Conduits, part 5: Buffering

January 10, 2012

GravatarMichael Snoyman

Overview

This is the fifth (and probably final) part in a series on conduits, an approach to handling streams of data. You can see the previous posts at:

  1. The Resource monad transformer
  2. Sources
  3. Sinks
  4. Conduits

This post is mostly about the concept of buffering. We'll also cover a few other miscealaneous topics as well.

Inversion of Control

Buffering was actually one of the main motivations in the creation of the conduit package. To see its importance, we need to consider the approach we've seen so far, which we'll call inversion of control, or IoC.

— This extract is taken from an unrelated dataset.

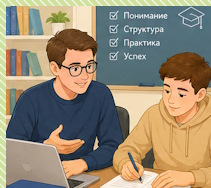 Услуги Услуги репетиторов в Брянске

Suppose you want to count how many newline characters there are in a file. In the standard imperative approach, you would do someting like:

  1. Open the file
  2. Pull some data into a buffer
  3. Loop over the values in the buffer, incrementing a counter on each newline character
  4. Return to 2
  5. Close the file

Notice that your code is explicitly calling out to other code and that code is returning control back to your code. You have retained full control of the flow of execution of your program. The conduit approach we've seen so far does not work this way. Instead, you would:

  1. Write a sink that counts newlines and adds the result to an accumulator.
  2. Connect the sink to a source

There's no doubt in my mind that this is an easier approach. You don't have to worry about opening and closing files or pulling data from the file. Instead, the data you need to process is simply presented to you. This is the advantage of IoC: you can focus on specifically your piece of the code.

We use this IoC approach all over Haskell: for example, instead of readMVar and putMVar, you can use withMVar. Don't bother with openFile and closeFile, just use withFile and pass in a function that uses the Handle. Even C has a version of this: why malloc and free when you could just alloca?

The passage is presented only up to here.